# [Activity]
What you write must match, character for character, the lines from the one with "NWT- VS PINK" down to the one with "Smart Universal Wireless" in the listing below, minus its pictures.

━━━━━━━━━━

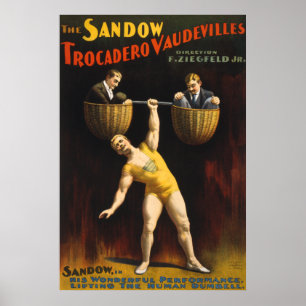 Affiche Le Sandow Weightlifter culturisme, poids humain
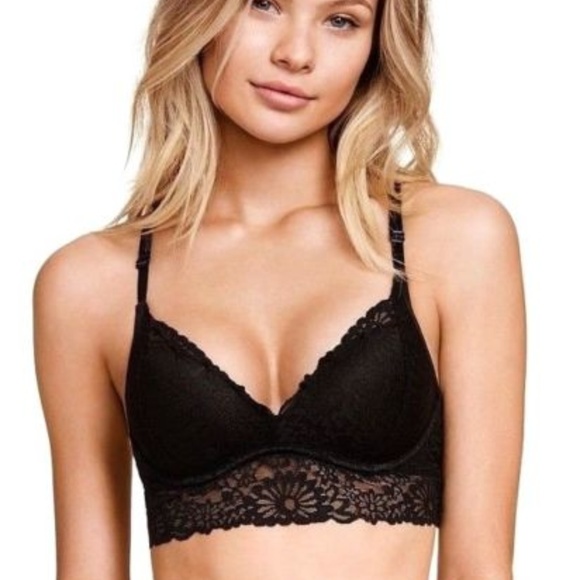 NWT- VS PINK LACE RACER BACK PADDED PUSH UP BRA - Picture 2 of 5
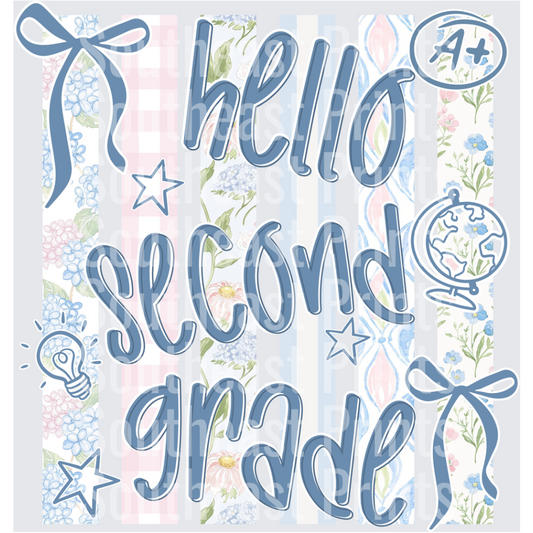 Hello Second Grade Floral Bow
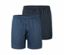 Zwei SCHIESSER Jersey-Boxer mit blauem Print.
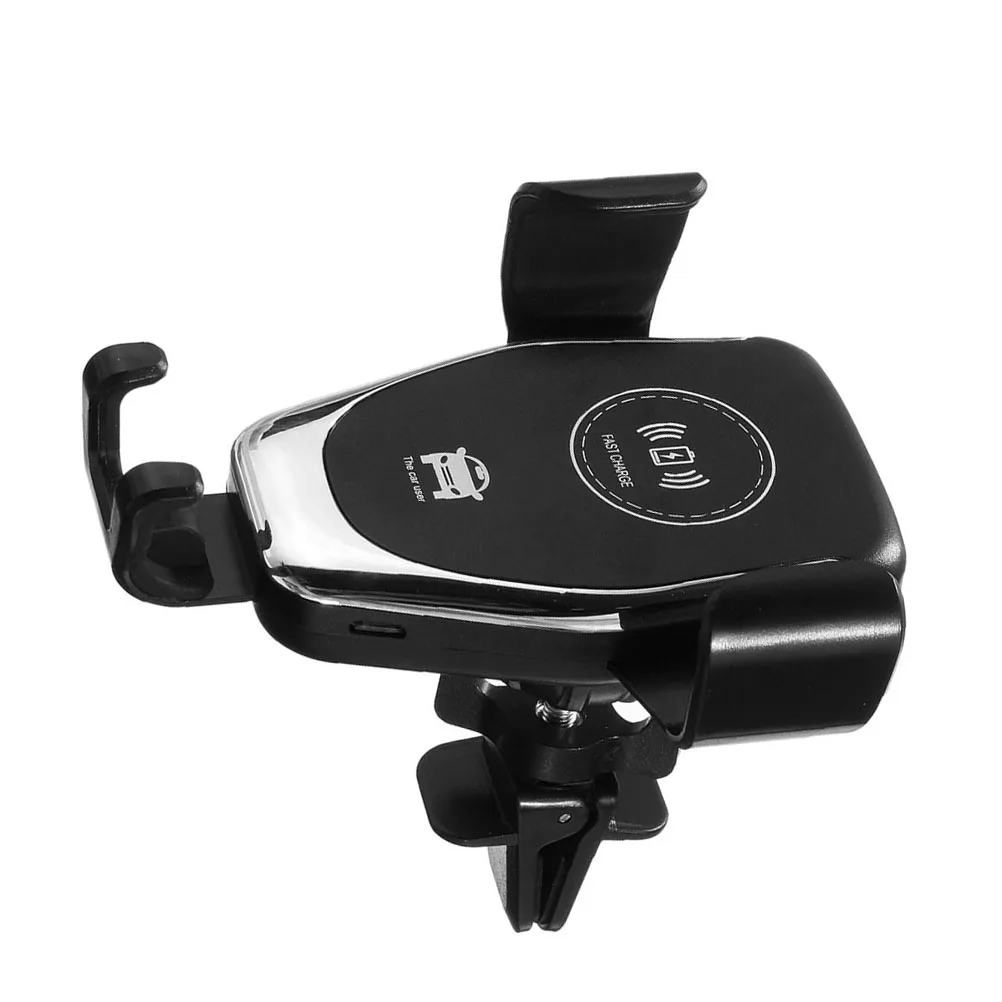 

Smart Universal Wireless Car Phone Bracket Adjustable Mount For Fast Charging Auto Parking Location Record (Black)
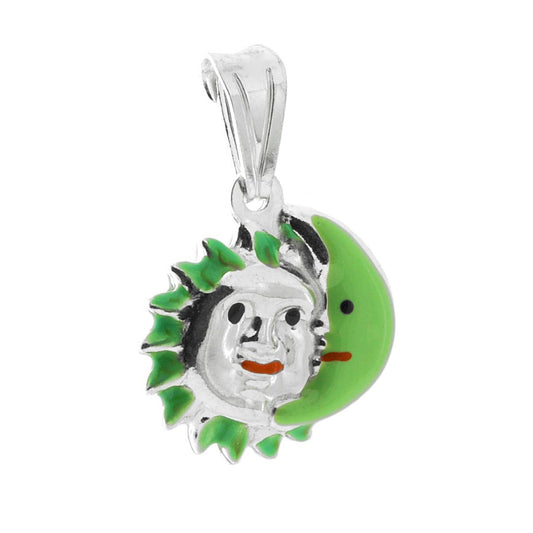 Ciondolo per Bimbo e Bimba con Sole e Luna smaltato Verde in ARGENTO 925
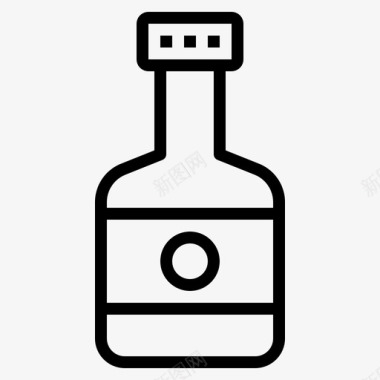 威士忌瓶子和容器线性威士忌图标图标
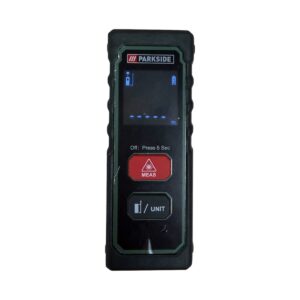 Handheld Parkside laser distance measurer with display screen and red MEAS button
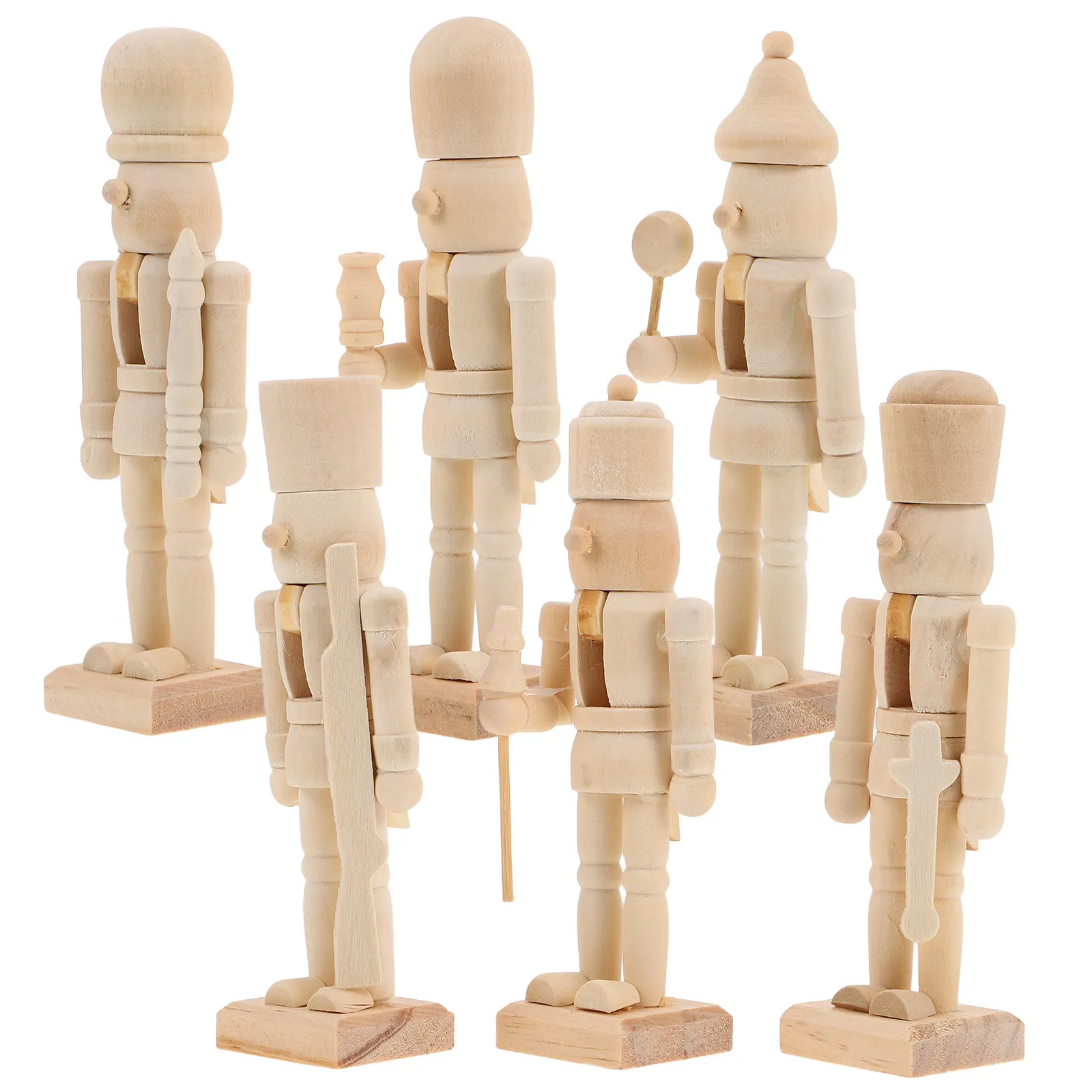 6pcs-unpainted-wooden-nutcracker-soldier-diy-craft-kit-for-christmas-decoration-handmade-ornament-wooden-craft-supplies
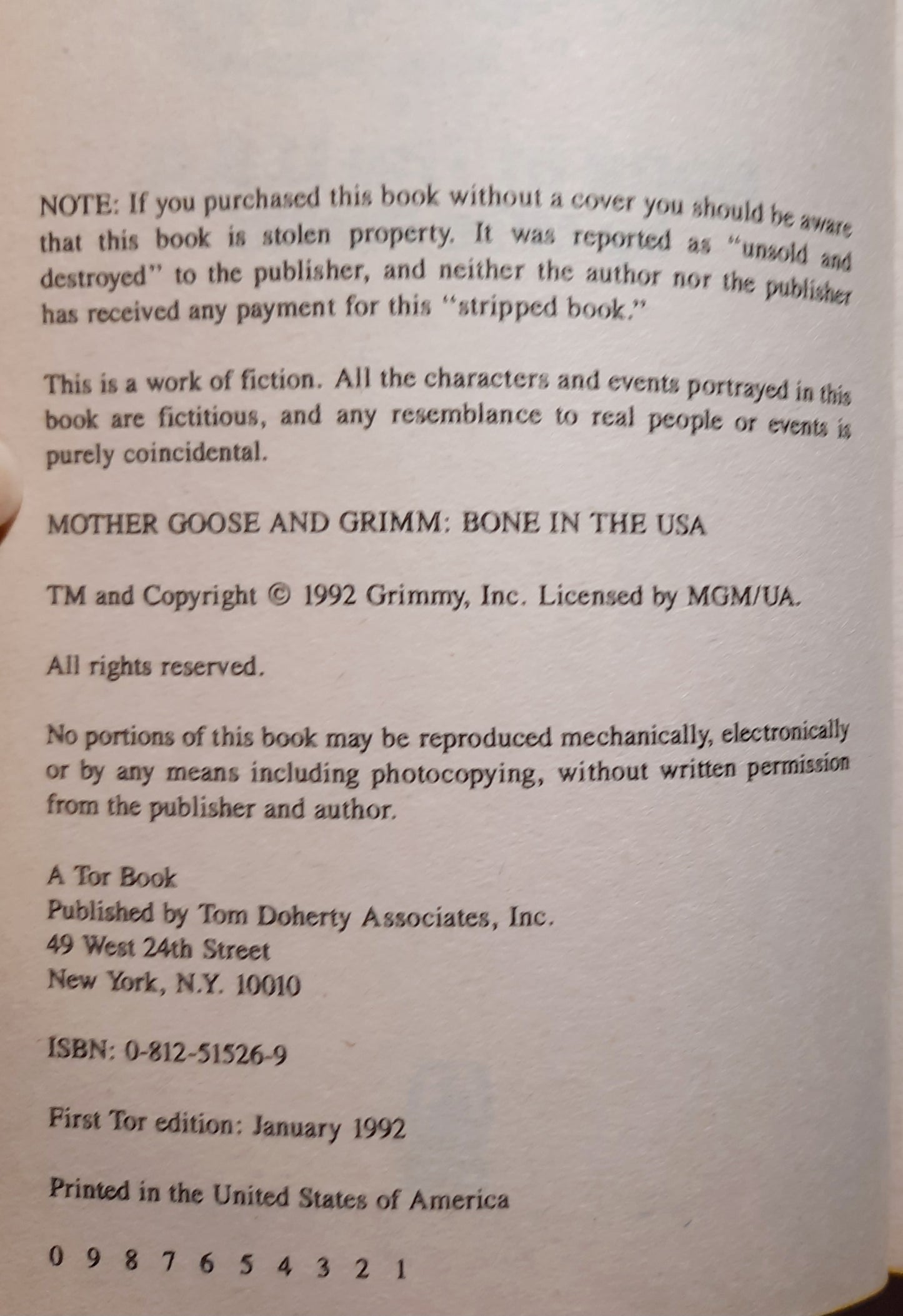 Grimmy: Bone in the U.S.A. by Mike Peters (Very Good, 1992, Pbk, Tom Doherty Associates)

━━━━━━━━━━

# [Finished task]
 NWT- VS PINK LACE RACER BACK PADDED PUSH UP BRA - Picture 2 of 5
 Hello Second Grade Floral Bow
 Zwei SCHIESSER Jersey-Boxer mit blauem Print.

Smart Universal Wireless Car Phone Bracket Adjustable Mount For Fast Charging Auto Parking Location Record (Black)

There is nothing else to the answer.